*** Opening of Source data ***
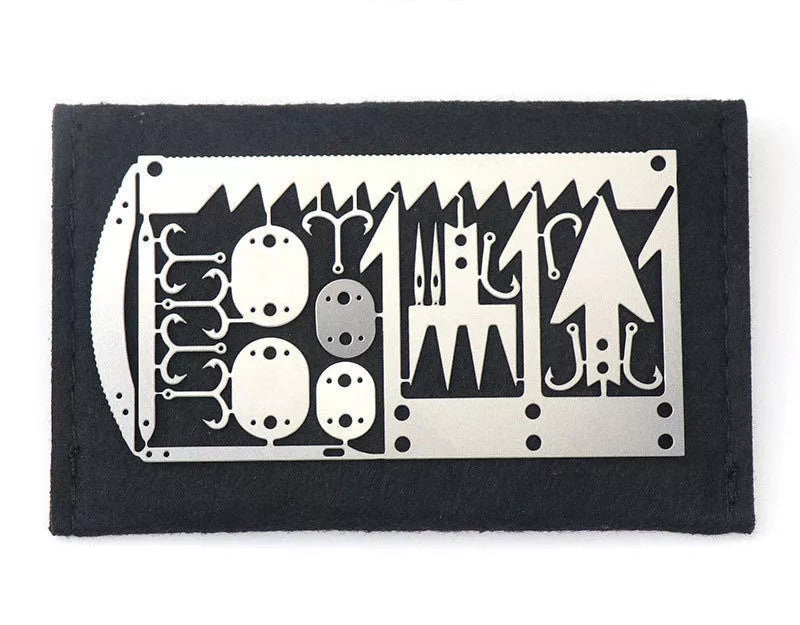 Multifunctional Fishing Card - compact silver and black survival tool for outdoor use
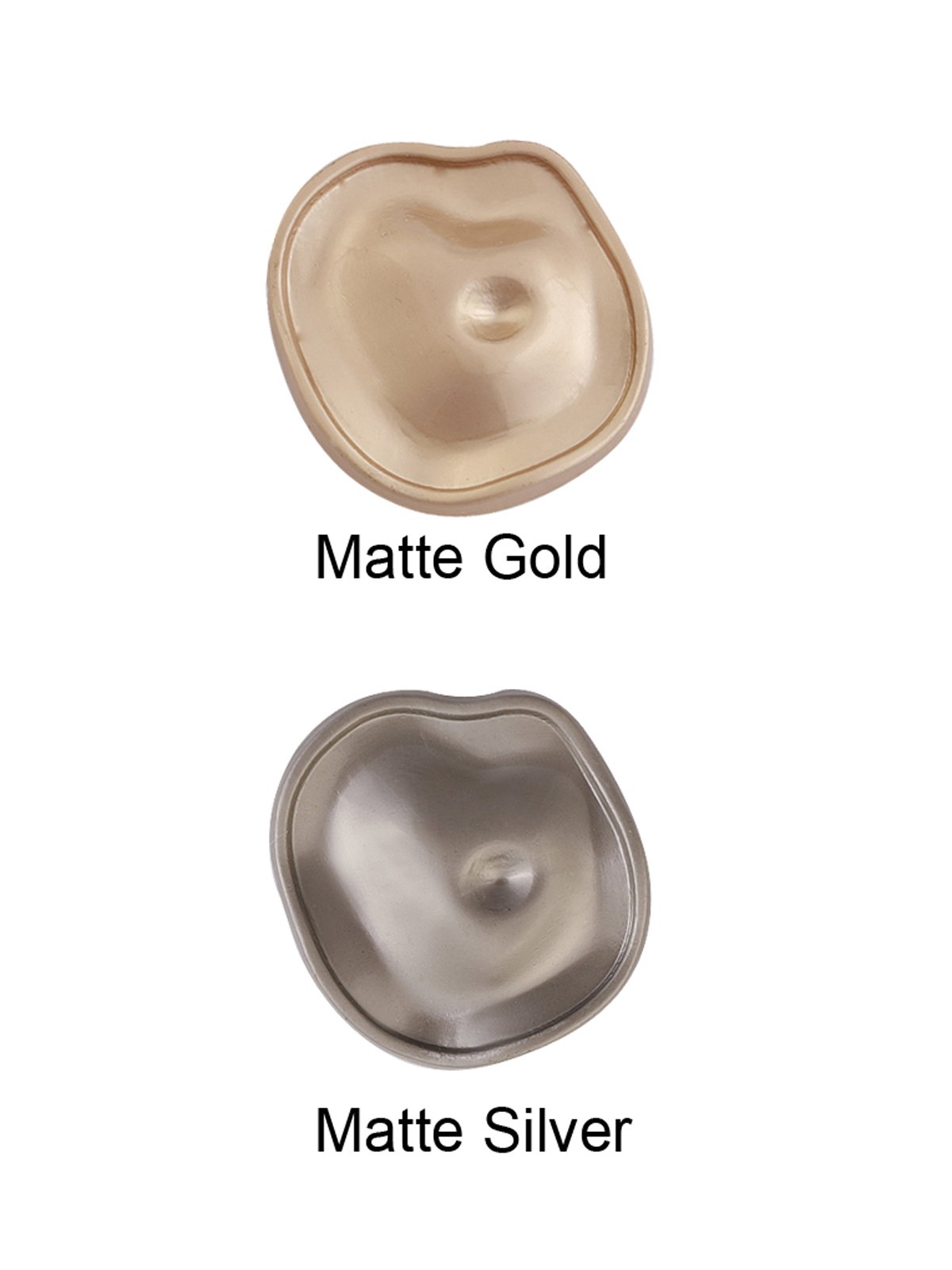 Uneven Round Shape Matte Gold/Matte Silver Colour Finish Shank Metal Button
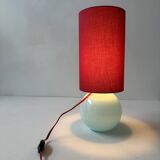 Ancienne lampe vintage en opaline bleu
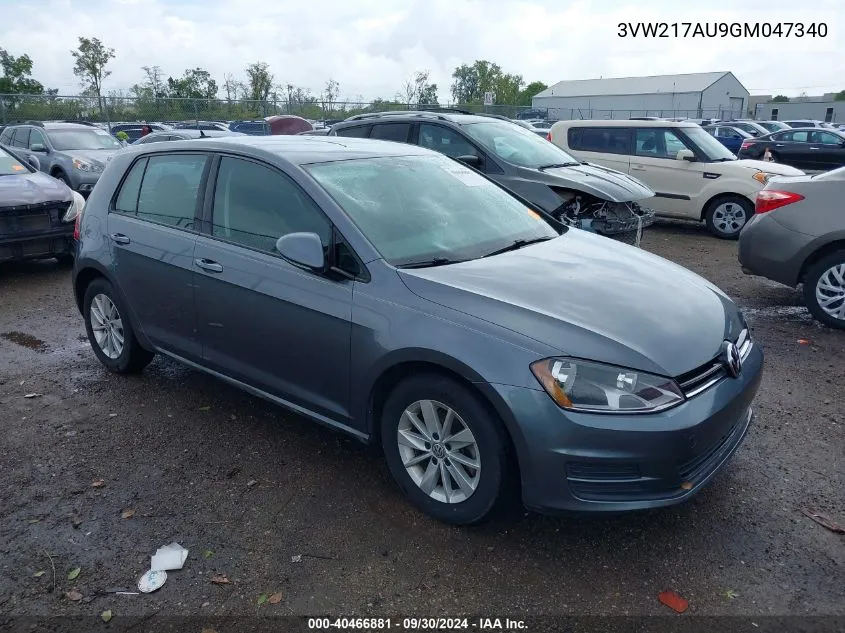 2016 Volkswagen Golf Tsi S VIN: 3VW217AU9GM047340 Lot: 40466881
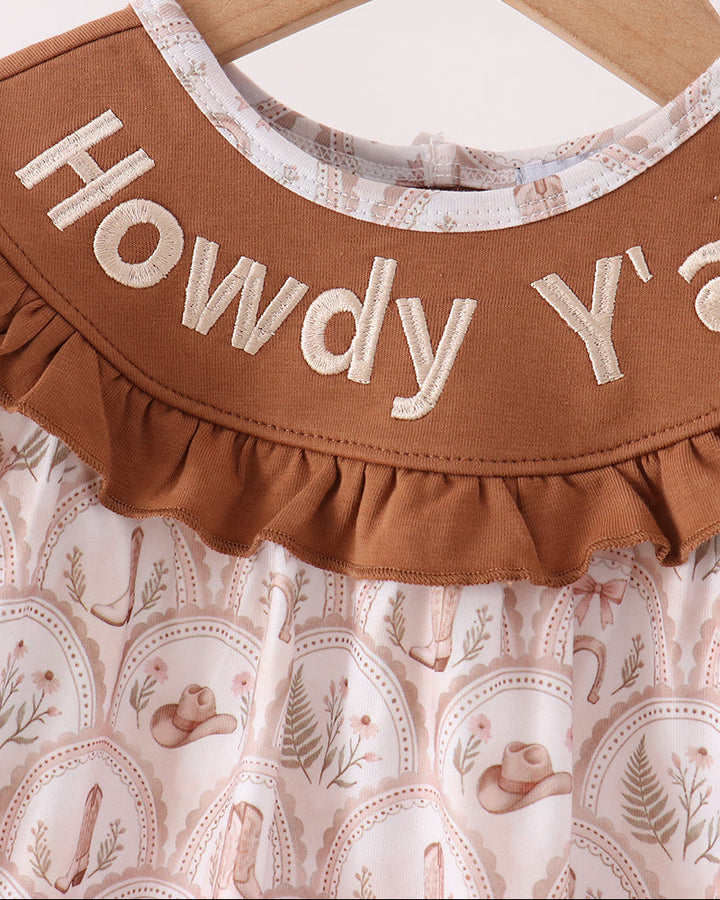 Brown ruffle collar with &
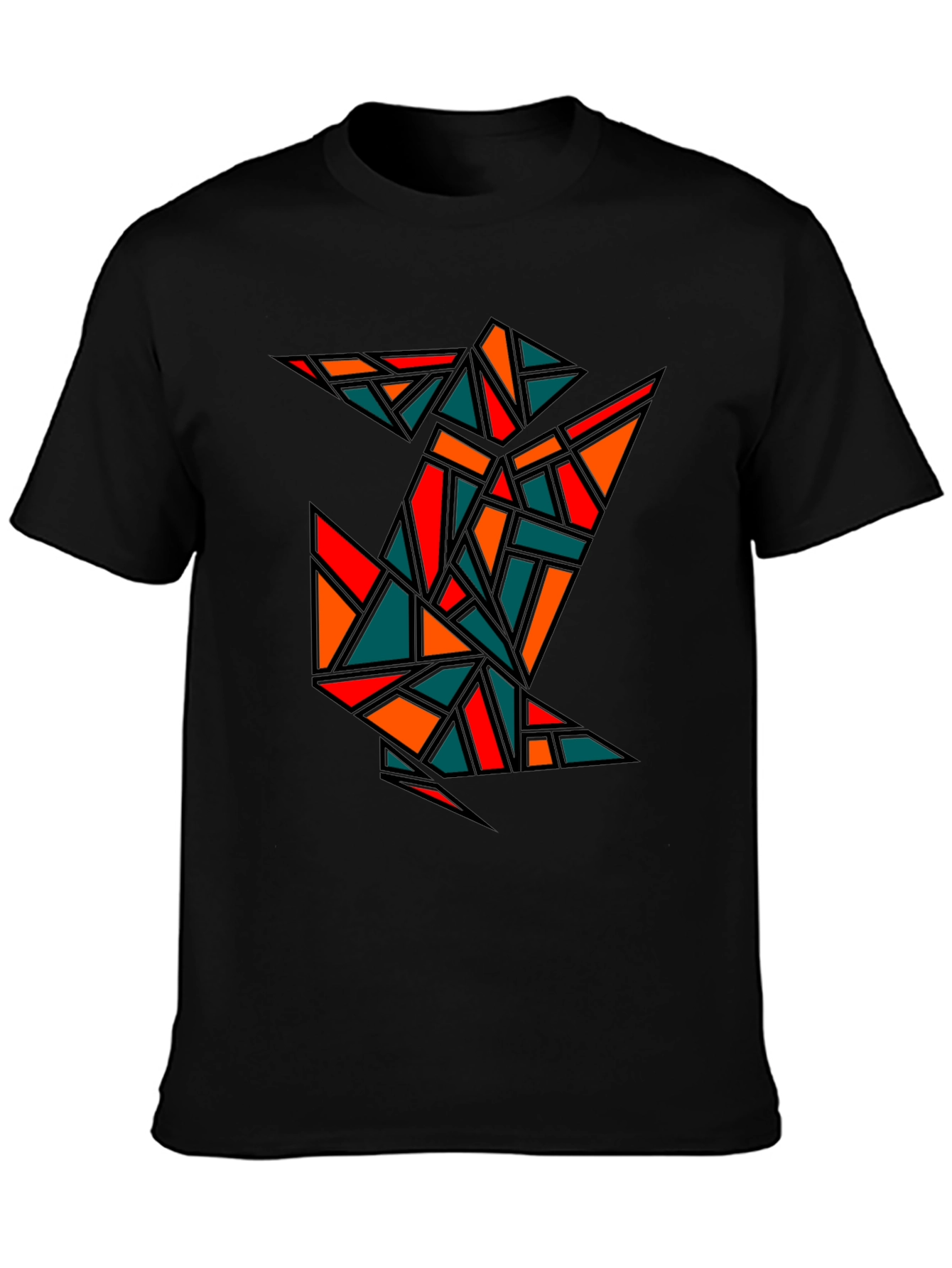 Geometric Crane Black T-Shirt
*** Close of Source data ***
Transcribe each entry above character for character, omitting pictures.

 Multifunctional Fishing Card - compact silver and black survival tool for outdoor use
 Uneven Round Shape Matte Gold/Matte Silver Colour Finish Shank Metal Button
 Ancienne lampe vintage en opaline bleu
 2016 Volkswagen Golf Tsi S VIN: 3VW217AU9GM047340 Lot: 40466881
 Brown ruffle collar with &
 Geometric Crane Black T-Shirt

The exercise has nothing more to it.